京都防衛フォーラム:榛名研究室/鞍馬事務室(OCNブログ:2005.07.29~/gooブログ:2014.11.24~)

【京都発幕間旅情】丸岡城(福井)丸岡藩五万石-映画"戦国自衛隊"銀幕の天守閣と丸岡城を巡る歴史たち

2022-03-23 20:22:00 | 旅行記
■丸岡藩五万石の城郭
 歴史は俺たちに何をさせようというのか!、映画戦国自衛隊のポスターに在りました台詞ですが成程丸岡城は銀幕にも出まして歴史に新しい一幕を加えました。
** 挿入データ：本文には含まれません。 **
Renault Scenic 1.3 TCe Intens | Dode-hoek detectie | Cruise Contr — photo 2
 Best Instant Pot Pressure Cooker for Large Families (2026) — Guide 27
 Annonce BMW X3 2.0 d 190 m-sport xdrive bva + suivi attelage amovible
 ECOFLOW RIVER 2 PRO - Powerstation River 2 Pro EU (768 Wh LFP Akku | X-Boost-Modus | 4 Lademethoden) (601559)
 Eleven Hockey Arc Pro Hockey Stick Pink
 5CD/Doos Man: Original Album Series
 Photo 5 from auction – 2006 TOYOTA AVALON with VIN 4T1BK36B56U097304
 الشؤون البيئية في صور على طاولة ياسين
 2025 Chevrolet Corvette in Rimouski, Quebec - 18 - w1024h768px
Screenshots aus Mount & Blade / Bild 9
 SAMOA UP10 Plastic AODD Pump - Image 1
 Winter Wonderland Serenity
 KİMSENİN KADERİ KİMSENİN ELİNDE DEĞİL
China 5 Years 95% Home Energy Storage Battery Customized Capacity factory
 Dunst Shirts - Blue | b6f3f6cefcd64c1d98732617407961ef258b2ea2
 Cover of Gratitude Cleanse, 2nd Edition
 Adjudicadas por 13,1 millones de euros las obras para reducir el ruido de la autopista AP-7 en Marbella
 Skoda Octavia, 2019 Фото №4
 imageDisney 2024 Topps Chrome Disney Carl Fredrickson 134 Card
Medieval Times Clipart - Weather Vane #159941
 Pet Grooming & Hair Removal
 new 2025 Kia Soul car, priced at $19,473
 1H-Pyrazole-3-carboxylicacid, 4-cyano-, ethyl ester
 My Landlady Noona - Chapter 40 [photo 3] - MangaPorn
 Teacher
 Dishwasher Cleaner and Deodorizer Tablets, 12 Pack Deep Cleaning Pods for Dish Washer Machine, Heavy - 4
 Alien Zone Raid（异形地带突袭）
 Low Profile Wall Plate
 丸岡の地は戦国時代、織田信長家臣で北陸の虎と畏れられた猛将柴田勝家の養子柴田勝豊の所領でした。そしてこの頃に天守閣は構築されたといい、現存天守閣の中では最古の建築物で、とは長らく称されていたものなのですが。柴田勝家は賤ヶ岳の戦いで敗れる。

 青山宗勝青山忠元父子、太閤秀吉の安土桃山時代にはこの二人が丸岡の地を任されるのですが慶長5年こと西暦1600年、関ヶ原の戦いで西軍側として参戦した事で改易されます。こういう意味では丸岡城の城主は頻繁に変わるのですが、江戸時代には丸岡藩が置かれた。

 徳川家康の家臣で、鬼作左の名で知られた本多重次、その実子本多成重が4万石で入城しました。その後は内紛が在ったり家臣を粛清したり加増があったりなどで本多重能本多重昭と本多重益と続くのですが、本多重益は酒色に溺れて改易で飛ばされてしまうのですね。

 キリシタン大名で有名な有馬晴信、その曾孫にあたる有馬清純が本多重益の追放後、幕府により越後糸魚川藩から5万石で入城します。ただ、このあたりから安定して往きまして、第2代藩主有馬一準は正徳元年こと西暦1711年に外様大名から譜代格へ格上を果たします。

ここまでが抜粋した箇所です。